Die stellvertretende rheinland-pfälzische Ministerpräsidentin Anne Spiegel (Grüne) dankte im Namen der Landesregierung für den Besuch, der «ein sehr, sehr wichtiges Signal» sei. «Das Maß der Zerstörung wird erst richtig klar, wenn man hier in den Straßen einen Blick in die Häuser wirft», sagte das Staatsoberhaupt am Sonntag sichtlich betroffen nach einem Gang durch die historische Altstadt von Ahrweiler. Auch an diesem sonnigen Tag sei «die Erinnerung an den Tod nicht verblasst», fügte er am Obertor der alten Stadtmauer hinzu, ehe er in die Winzergemeinde Mayschoß und zu einem Gespräch mit Helfern nach Grafschaft weiterfuhr.

Sein Weg durch den ehemals so idyllischen Stadtteil von Bad Neuenahr-Ahrweiler begann an der Straßenbrücke, die in der Nacht vom 14. zum 15. Juli in der Wucht der nach extremem Starkregen durch das Tal drückenden Wassermassen zerbrach. Dort ist inzwischen eine Behelfsbrücke eingerichtet. Danach lief der Bundespräsident zum Marktplatz - in der Luft lag noch der Geruch von feuchtem Mauerwerk, aus beschädigten Häusern und Geschäften mit Inschriften wie «Wir machen weiter» oder «1000 Dank an die Helfer».

Auf dem Marktplatz ging Steinmeier spontan auf den Stand der privaten Initiative «Heute für morgen» zu und sprach mit der Helferin Tamara Segers aus Havixbeck bei Münster, die dort mit ihrem Mann und Freunden einen ständigen Anlaufpunkt für praktische Hilfe und Gespräche bei Kaffee und Kuchen eingerichtet hat. Sie habe sich über das unerwartete Gespräch mit Steinmeier gefreut, sagte Segers. «Den Menschen ist es wichtig, dass sie nicht vergessen werden.»

Im benachbarten Pfarrbüro der Kirche St. Laurentius traf sich der Bundespräsident mit zwei Ehepaaren, die in der Flut Angehörige verloren haben.
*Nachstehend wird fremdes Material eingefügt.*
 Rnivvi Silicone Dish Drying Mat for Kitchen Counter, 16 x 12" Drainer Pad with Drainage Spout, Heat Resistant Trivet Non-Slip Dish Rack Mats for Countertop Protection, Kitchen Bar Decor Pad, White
Auf dem weiteren Weg wurde er von Bewohnern begrüßt und ins Haus gebeten.

Hoffen auf Rückkehr der Touristen

«Es ist wenig von Vorwürfen zu hören», sagte Steinmeier danach. Natürlich sei das System der Katastrophenwarnung ein Thema. Aber im Vordergrund stehe die Trauer - und die Alltagsbewältigung mit Blick auf den nahenden Winter. Er hoffe, dass es wenigstens provisorische Lösungen für alle gebe, die noch ohne Heizung und Stromversorgung seien.

Klimaschutzministerin Spiegel sprach von Signalen der Hoffnung und bekräftigte die Zusage der Unterstützung für die betroffenen Kommunen und die dort lebenden Menschen. Der Wiederaufbau müsse «schnell, nachhaltig und klimaresilient» vorangehen.
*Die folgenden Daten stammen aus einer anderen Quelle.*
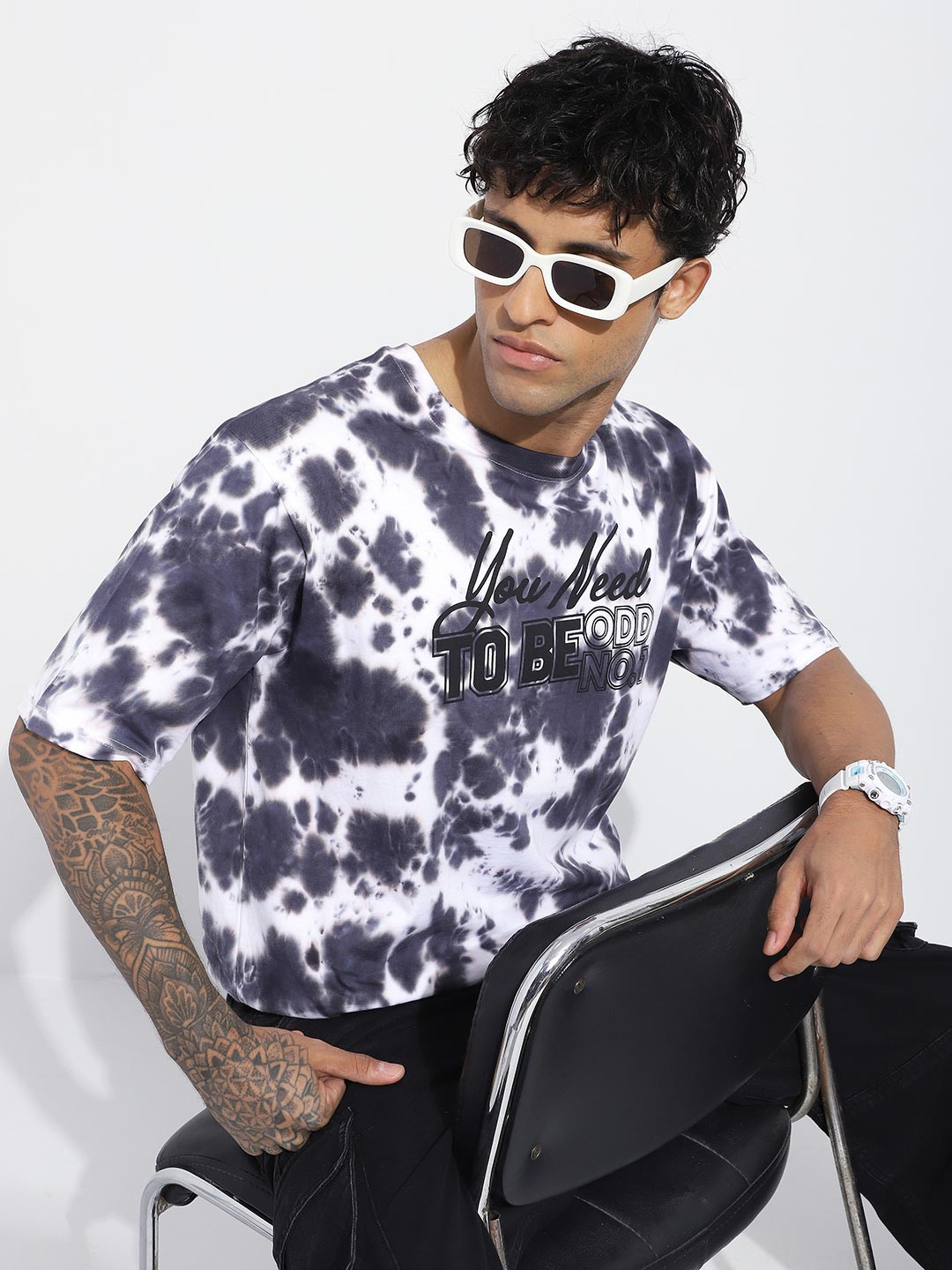 Difference of Opinion Men Oversized Tie & Dye All Over Printed Tshirt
Den Besuch des Bundespräsidenten verfolgte auch der Antiquar Wolfgang Huste, dessen Laden in Ahrweiler von der Flut zerstört wurde. Zusammen mit seiner Partnerin hilft er an einem Stand an der Behelfsbrücke, wo Lebensmittel und Kleidung ausgegeben werden. Er hofft auf die Rückkehr der Touristen, die vor der Katastrophe 80 Prozent zu seinem Umsatz beitrugen. Dann will er mit der erhofften Unterstützung neue Regale und Vitrinen kaufen. «Wenn alles gut geht mit den Handwerkern, können wir im März oder April wieder in den Laden zurückkehren.»
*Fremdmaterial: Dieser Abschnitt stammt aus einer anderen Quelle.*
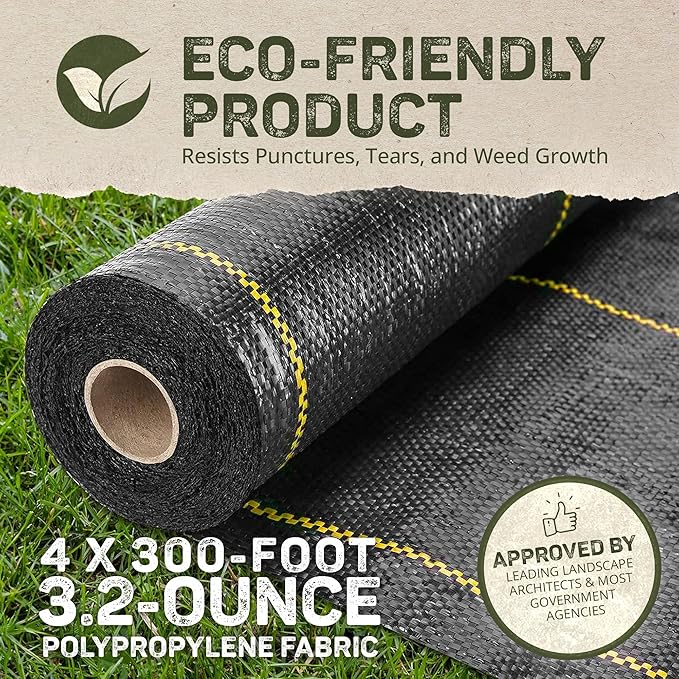 Dewitt 4 x 300 Foot Weed and Mulch Barrier Landscape Woven Fabric Ground Cover, Ideal Fabric for Yards, Grounding Sheets, Fake Rock, or Floor Mat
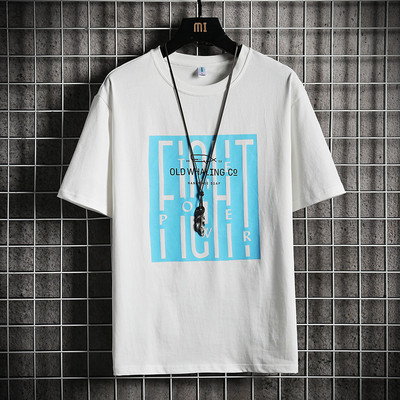 Tricou barbatesc cu imprimeu si decolteu oval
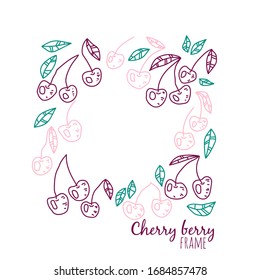 Abstract Berries frame. Hand drawn floral card design with natural elements: cherry and leaves. Spring holiday poster, article scandinavian style design idea, banner template.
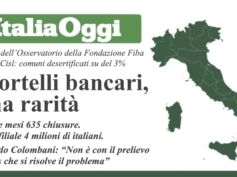 ItaliaOggi: sportelli bancari sono rarità. Colombani: il prelievo dai Pos non è la soluzione contro la desertificazione bancaria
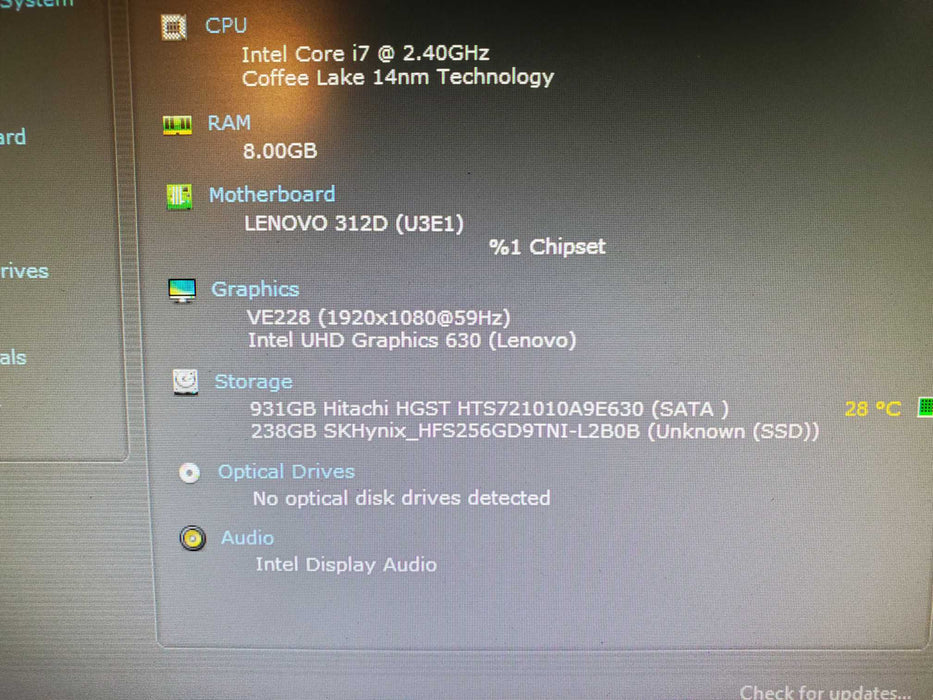 Lenovo ThinkCentre M720q Core i7-8700T 8GB RAM 256GB NVME+1TB HDD, WIFI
Am 1. September hatte Steinmeier am Staatsakt für die Opfer der Hochwasserkatastrophe teilgenommen. Damals sagte er am Nürburgring, es gehe nicht allein um Soforthilfe für den Wiederaufbau. «Sie brauchen unsere Hilfe und unsere Aufmerksamkeit nicht nur jetzt, in der akuten Not, sondern für lange Zeit.»

In Rheinland-Pfalz kamen bei dem Hochwasser nach extremem Starkregen am 14. und 15. Juli 133 Menschen im besonders betroffenen Ahrtal und ein Mensch in der Region Trier ums Leben. In Nordrhein-Westfalen verloren 49 Menschen ihr Leben. Dort wurden schwere Schäden unter anderem im Kreis Euskirchen, dem Rhein-Sieg-Kreis und in Teilen des Bergischen Landes angerichtet.